• _Assignment_
Only the lines below from the one with "AGO2 Antibody in Western Blot (WB)" through the one with "[PDF] The function" are to be written out, exactly and without any images.
==== Records supplied ====
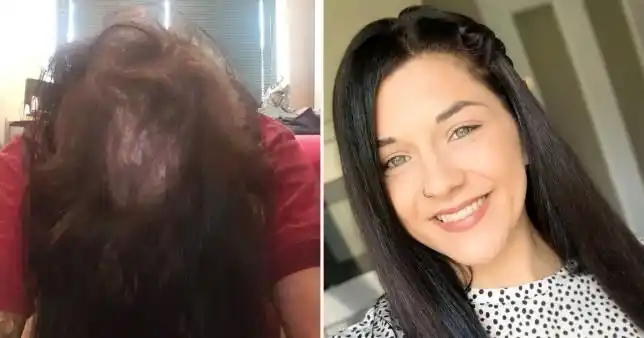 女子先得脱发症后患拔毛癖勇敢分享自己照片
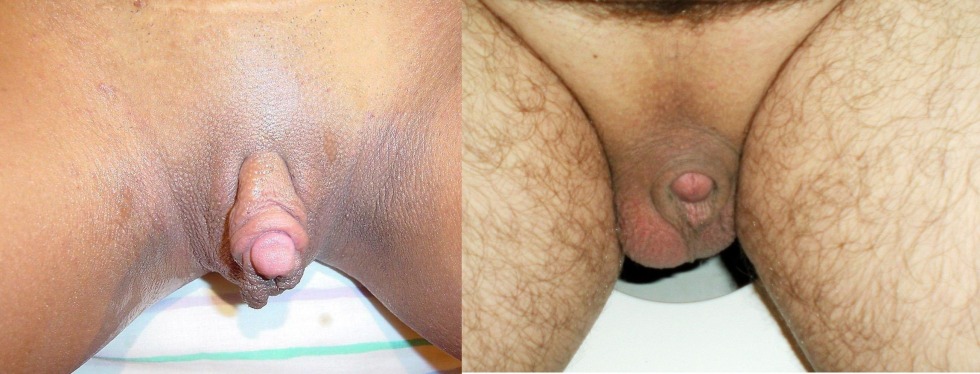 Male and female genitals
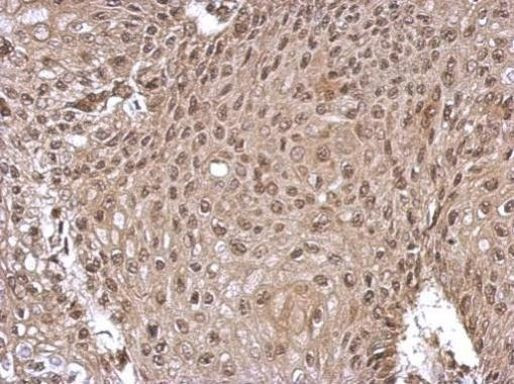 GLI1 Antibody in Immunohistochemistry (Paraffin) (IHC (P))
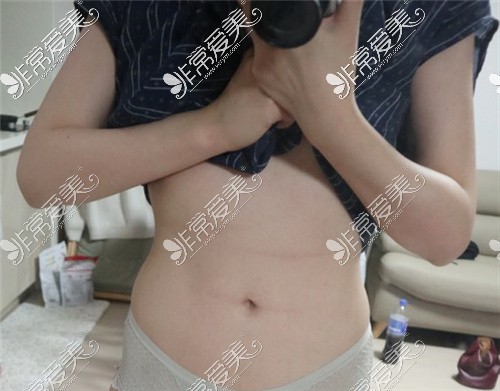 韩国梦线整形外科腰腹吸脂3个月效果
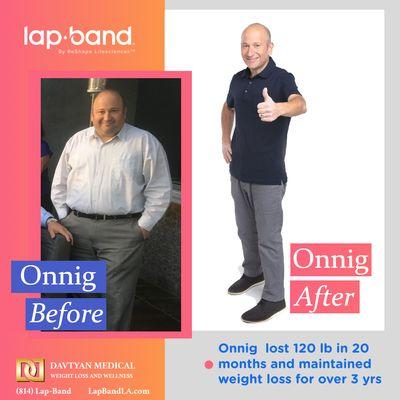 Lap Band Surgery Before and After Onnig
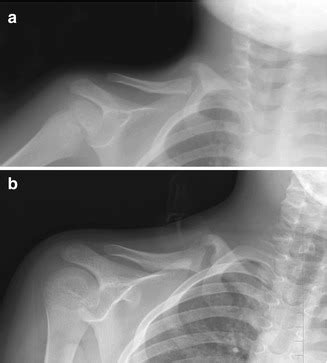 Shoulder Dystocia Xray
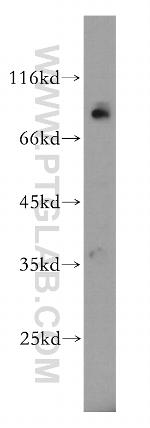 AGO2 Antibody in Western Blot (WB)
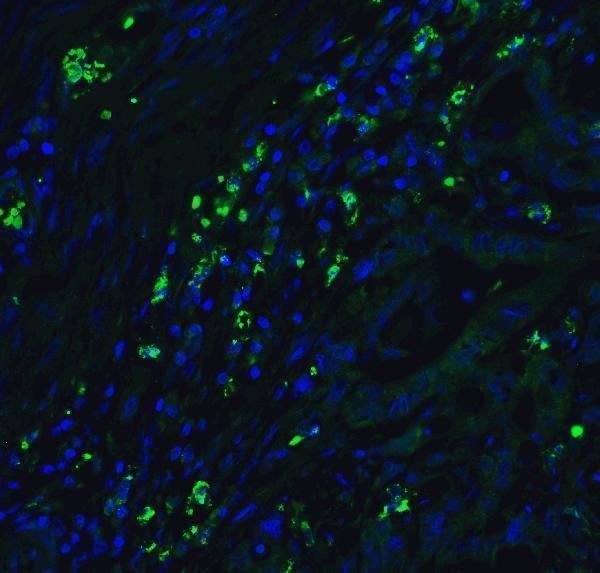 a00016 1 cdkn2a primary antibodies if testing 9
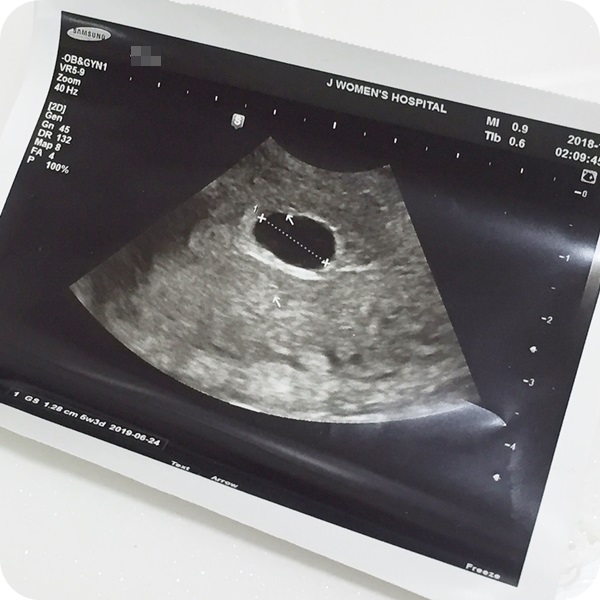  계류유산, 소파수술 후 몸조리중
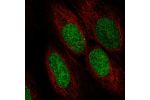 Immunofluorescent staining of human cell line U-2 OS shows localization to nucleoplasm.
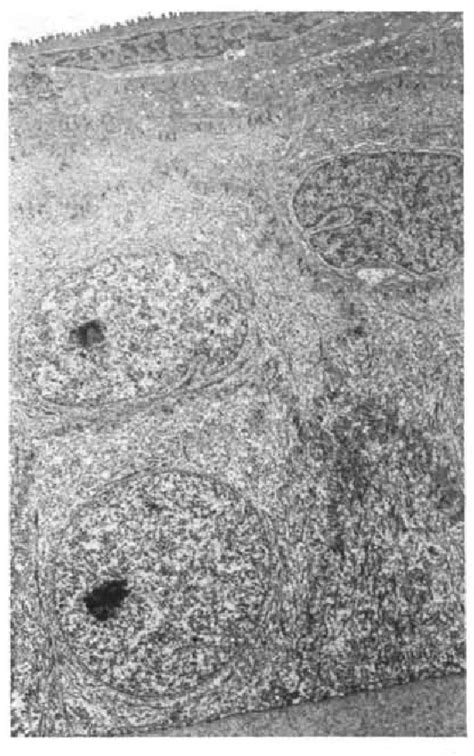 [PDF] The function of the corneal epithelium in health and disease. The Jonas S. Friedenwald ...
====
==== Records supplied ====
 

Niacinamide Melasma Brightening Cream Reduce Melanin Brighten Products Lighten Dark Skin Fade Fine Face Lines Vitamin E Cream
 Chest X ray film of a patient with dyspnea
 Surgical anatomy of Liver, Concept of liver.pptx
====
• _Exercise result_
 AGO2 Antibody in Western Blot (WB)
 a00016 1 cdkn2a primary antibodies if testing 9
  계류유산, 소파수술 후 몸조리중
 Immunofluorescent staining of human cell line U-2 OS shows localization to nucleoplasm.
 [PDF] The function of the corneal epithelium in health and disease. The Jonas S. Friedenwald ...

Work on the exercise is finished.